Once the file system integration is complete, juju add-unit can be used to add backup units. It is not possible to remove the filesystem-client integration and return to a non-HA setup once the migration has completed. To avoid data loss, the files and directories in the local /var/lib/slurm/checkpoint are left untouched following migration. Specific steps can be found in the Migrating a single slurmctld to high availability how-to section.

Note that this migration requires cluster downtime: the slurmctld service is stopped by the charm for the transfer duration and restarted when the StateSaveLocation data is in place on the shared file system. To minimize downtime, StateSaveLocation data is first copied to the shared file system while the slurmctld service is live, then the service is stopped and the difference in StateSaveLocation data is synchronized.

Be aware that attempting to add units to up slurmctld without a filesystem-client will cause the new units to enter BlockedStatus until the filesystem-client is integrated.

Shared /etc/slurm configuration data

In an HA setup, all slurmctld instances require matching configuration files. That is, slurm.conf, gres.conf, and other Slurm configuration files must be identical on all slurmctld hosts. To achieve this in Charmed HPC, the shared file system enabled by the filesystem-client is used.

Similarly to StateSaveLocation, data in /etc/slurm is migrated to /srv/slurmctld-statefs/etc/slurm on filesystem-client integration. The /etc/slurm directory is then replaced with a symbolic link to /srv/slurmctld-statefs/etc/slurm on all slurmctld instances to ensure all access the same configuration files.

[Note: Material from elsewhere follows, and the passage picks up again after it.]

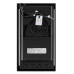 Варочная поверхность MAUNFELD CVI292S2BBKF Inverter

To avoid data loss, any existing /etc/slurm/ is backed up to a date-stamped directory on the unit’s local disk, for example /etc/slurm_20250620_161437 for a backup performed on 2025-06-20 at 16:14:37. To prevent non-leaders from reading partially written configuration files, updates to files are made atomically via slurmutils.

The slurmctld charm leader in a Charmed HPC cluster handles all controller configuration operations. The leader generates cluster keys and all configuration files while non-leader units defer until these files appear in the shared storage.

Note that the charm leader under Juju and the primary slurmctld instance under Slurm may or may not be the same unit. Juju itself determines the charm leader while Slurm primary and backups are managed independently by the slurmctld charm in slurm.conf. Primary and backup order is determined by unit join order, with the most recent joining slurmctld instance being the lowest priority backup (the last SlurmctldHost entry in slurm.conf).